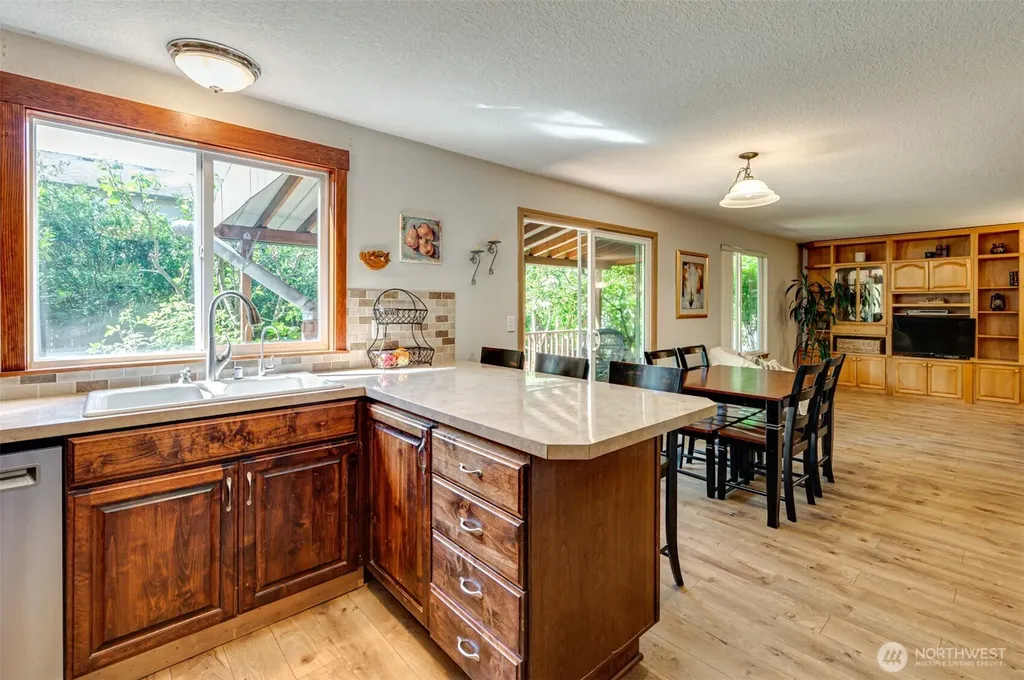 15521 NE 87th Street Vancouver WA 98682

+---+

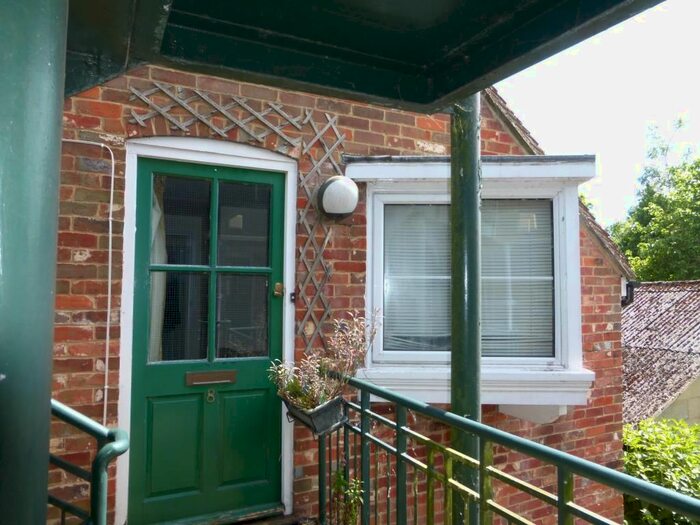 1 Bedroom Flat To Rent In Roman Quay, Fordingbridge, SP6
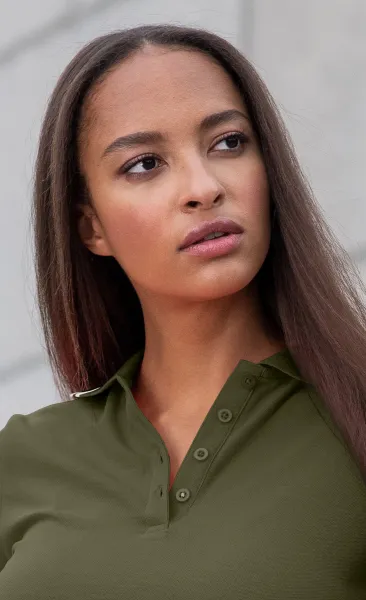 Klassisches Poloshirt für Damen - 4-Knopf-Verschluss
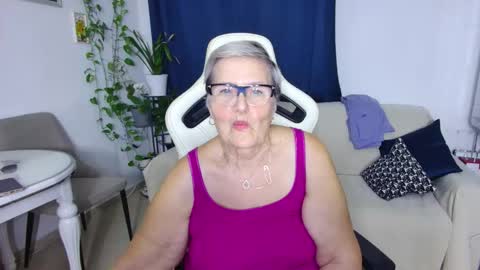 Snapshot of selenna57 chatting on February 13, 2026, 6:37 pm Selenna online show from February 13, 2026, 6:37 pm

+---+

* _EXERCISE OBJECTIVE_:
Could you write out exactly the lines of the data above that run from the one holding "Klassisches Poloshirt für" to the one holding "Snapshot of selenna57", with both ends in and all pictures out?

* _ANSWER TO THIS TASK_:
 Klassisches Poloshirt für Damen - 4-Knopf-Verschluss
 Snapshot of selenna57 chatting on February 13, 2026, 6:37 pm Selenna online show from February 13, 2026, 6:37 pm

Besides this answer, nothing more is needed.